** RECORDED INFORMATION **
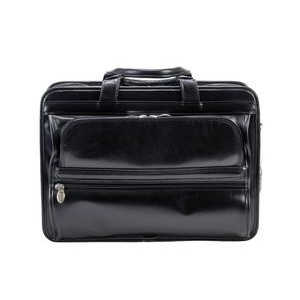 ELSTON | 15" Black Leather Double-Compartment Laptop Briefcase | McKleinUSA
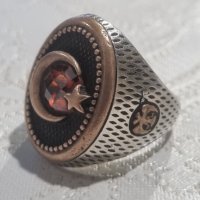 Турски сребърен пръстен 925 проба , снимка 5 - Пръстени - 44202531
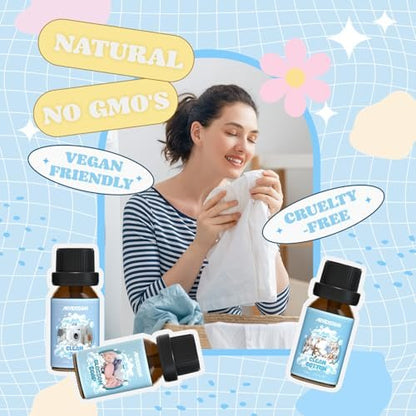 ARVIDSSON Ätherische Öle Set – Natürliche Duftöle für Diffuser, Seifenherstellung – Fresh Linen, Clean Home, Fresh Cotton, Soft Powder, Blossom Soap, Lemongrass – Erfrischende Duftöle für Zuhause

** PROBLEM DETAILS **
Your copy should hold exactly the lines from the one that contains "Турски сребърен пръстен" through the final line of the data, both ends included, and no pictures.

** RESULT FOR THIS TASK **
 Турски сребърен пръстен 925 проба , снимка 5 - Пръстени - 44202531
 ARVIDSSON Ätherische Öle Set – Natürliche Duftöle für Diffuser, Seifenherstellung – Fresh Linen, Clean Home, Fresh Cotton, Soft Powder, Blossom Soap, Lemongrass – Erfrischende Duftöle für Zuhause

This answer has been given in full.